Notes from the filmmaker

It Ain't City Music was filmed in 1972 at the National Country Music Contest, Whippoorwill Lake, Warrenton, Va. The festival was sponsored by the Warrenton Jaycees. Warrenton is about 60 miles west of Washington, DC. In those days, the area was rural and the economy was agricultural. In the 1980s as the area became more suburban, the festival ended.

Here are some notes by filmmaker Tom Davenport from an a 1973 article in Film News…

I grew up on a farm about 15 miles away from Lake Whippoorwill in Fauquier County, Virginia where the National Country Music contest was held every summer. At the time, it was the oldest Country Music contest in the country. In 1970 (I was 31 years old) I went to the Contest and took a lot of still photographs and it was through these that the idea of a film came about.

Initially, I thought I might focus on the Contest itself — follow the potential winners and losers and try to generate an element of suspense in the outcome — but I decided not to. The winner of each category receives a cash prize, but as one man in the film notes, "I don't come to win, I come to play..." And that sentiment is really, I felt, the core of the festival — the real action and the best playing are "in the field" where the music and good times are spontaneous. I had seen paintings by Brueghel of peasants at festivals and that same spirited atmosphere, vulgar and exuberant, was exactly what I wanted to convey in It Ain't City Music.

The women in the film (and the examples are outstanding but typical) are particularly provocative --very gaudy, buxom and sexually obvious in their hot-pants and bouffant hairdos, real honky-tonk angels. The "good old boys" look more subdued. That Elvis-style glitter is reserved for the stage, and they concentrate their efforts on serious "lady-watching, pickin' and drinkin'." On all levels the festival was often described as a kind of "family reunion," where everybody, infants through grandma, players and fans can get it together. In one interview (not used) a fellow went to some lengths contrasting country music to soul music and rock, his point being that country music was their music, the "true American music." But most people said country music was for everybody, and I think they genuinely felt that. As one man we interviewed said, it used to be that anybody connected with country music was a "hick," a "mountaineer," but that's not so anymore. Now, country music has become respectable, gone "uptown." And so have country music festivals. Once purely a rural phenomenon, their present "uptown" popularity is due in large part/to the nostalgia revival which reflects a craving for a less cynical, more traditional, in a way more conservative, sense of values.

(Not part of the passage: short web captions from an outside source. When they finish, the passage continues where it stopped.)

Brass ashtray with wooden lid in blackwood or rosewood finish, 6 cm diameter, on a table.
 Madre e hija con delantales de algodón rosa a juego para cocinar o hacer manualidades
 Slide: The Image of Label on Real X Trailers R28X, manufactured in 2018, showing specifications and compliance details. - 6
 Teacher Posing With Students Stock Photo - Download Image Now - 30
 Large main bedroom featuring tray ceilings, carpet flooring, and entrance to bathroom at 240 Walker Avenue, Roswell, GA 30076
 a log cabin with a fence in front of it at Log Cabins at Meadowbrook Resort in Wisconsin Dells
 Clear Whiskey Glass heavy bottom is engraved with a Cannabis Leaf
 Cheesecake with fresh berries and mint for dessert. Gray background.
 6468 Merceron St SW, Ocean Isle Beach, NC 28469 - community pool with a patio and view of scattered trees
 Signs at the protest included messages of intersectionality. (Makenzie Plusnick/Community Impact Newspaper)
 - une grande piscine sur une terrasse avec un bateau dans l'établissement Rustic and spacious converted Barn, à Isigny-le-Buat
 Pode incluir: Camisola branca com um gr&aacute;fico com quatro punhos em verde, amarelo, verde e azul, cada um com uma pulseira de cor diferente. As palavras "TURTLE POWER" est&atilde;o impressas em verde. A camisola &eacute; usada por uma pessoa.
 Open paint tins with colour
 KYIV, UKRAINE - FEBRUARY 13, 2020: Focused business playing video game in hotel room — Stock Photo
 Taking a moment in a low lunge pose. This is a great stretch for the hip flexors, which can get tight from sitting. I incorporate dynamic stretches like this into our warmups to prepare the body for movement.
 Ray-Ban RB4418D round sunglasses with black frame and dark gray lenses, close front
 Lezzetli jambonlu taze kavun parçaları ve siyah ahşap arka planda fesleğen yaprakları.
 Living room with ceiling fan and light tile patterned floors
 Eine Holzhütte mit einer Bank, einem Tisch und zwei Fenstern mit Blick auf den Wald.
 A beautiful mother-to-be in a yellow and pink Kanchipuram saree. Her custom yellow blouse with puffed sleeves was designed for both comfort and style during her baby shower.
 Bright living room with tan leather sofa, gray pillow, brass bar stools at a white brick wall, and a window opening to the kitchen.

Many of the people in the film mythologize their own backgrounds. They reminisce about their rural origins, their folks, the depression and hard times ("We didn't have no food, but Mamma always had the guitar on the front porch!") but now they've left the hills and moved into town, into suburbia, into the city. Increasingly the themes of country music songs deal with the complications of life away from the farm - "any country song you hear nowadays the guy's either in jail or just got divorced...", notes a man who continues, "...but it's their lives and they write songs about it..." Their new affluence is proudly evident by the sophisticated consumer goods they bring to the festival — fancy campers, recreation equipment — the status objects of prototypical Middle Americans, supporters of the American Dream and (judging from the bumper stickers on their campers) the politicians who promise it to them. However, people didn't come to the Contest to expound political philosophies; they came to relax, to be seen, be entertained and carouse. They liked being filmed and I liked filming them and the warmth and humor and exuberance they reveal is what I wanted to share through the film.